As a fan of “just works”, without peeking the system and trying to fix it to my needs playing with the registry, MAYBE breaking something else that the user depends on with the settings that are there, and after some headaches with systems of my users with their “native” engines broken, I decided always to add that ridiculous small 100MB CEF engine that allows me to use executeInXojo() and executeInXojoSync() that I need and no regrets so far.
So, FOR ME, using “native” is a burden, not a solution.
To be honest, I am not sure if I really need to enable WebKit, but Google pointed me to some answers where this was mentioned. I just tried to play around with it to figure out, if it helps with my actual problem.
Confirmed: HTMLViewer works as epected, but DesktopHTMLViewer seems to only support WebKit/CEF.
The overhead for the WebKit renderer is about 200MB, actually. A simple “hello world” app is 40MB with the native renderer, but over 240MB with Webkit. [Testing in a 64 bit app. 32 bits may be “only” 100MB]
For now, I am superimposing the MBS control on top of a legacy HTMLViewer (using Native.) Which one to load, and render visible, is decided after testing for WebView2 availability (also done within the plugin.) This nicely saves the WebKit overhead in the built app, which in itself was roughly twice the size of the rest of the code combined.
Hi there, I not so sure about this statement, when I upgraded to API2 and obviously webkit as the renderer for my HTML viewer my compiled app actually shrunk from 26mg down to 18meg, I was using the native renderer before. No one has really be able to explain the massive decrease in compiled application size after the change, so I’m not sure that webkit is the culprit…
I am referring to build size on Windows.
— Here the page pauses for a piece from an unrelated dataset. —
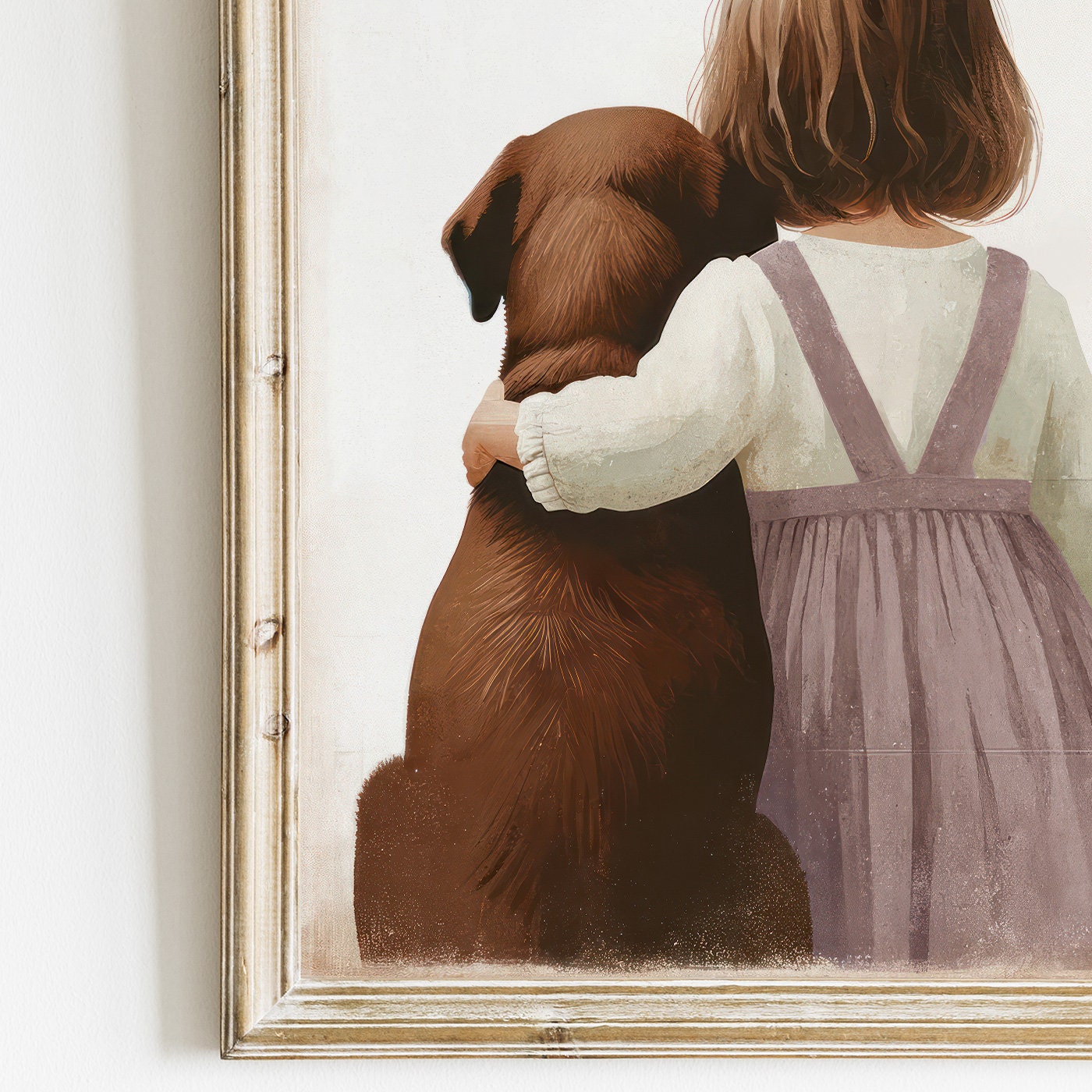 Brown Lab Print, Labrador Nursery Decor Girl & Dog Art Print, Dog Nursery Decor, Labrador Retriever Painting, Printable Dog Decor for Kids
If you use WebKit, Xojo will bundle more than 100MB worth of Chromium stuff into your app. WebKit is built-in on Mac (and on Linux, though it may be optional on some distros.)
I could have been more specific, but I thought it implicit because the “WebKit/Native” issue is always in the context of Windows. The WebView2 (with MBS) option I mentioned is also strictly a Windows thing.
These look like Mac screenshots. In this respect you didn’t change anything when you switched from “Native” to “WebKit”. The old HTMLViewer always used WebKit on Mac and Linux, with the “Native” setting being irrelevant. On these platforms, WebKit “is” native.
The build-size difference, that you mentioned, is interesting. I’m only guessing but it might be that the new DesktopHTMLViewer has less overhead, with no Windows “Native rendering” support that might still compile as cruft into other targets. Be assured, though, that on Windows your app will be a monster. Heck, I’d have to look to see if I could get a Windows “Hello World” into your size.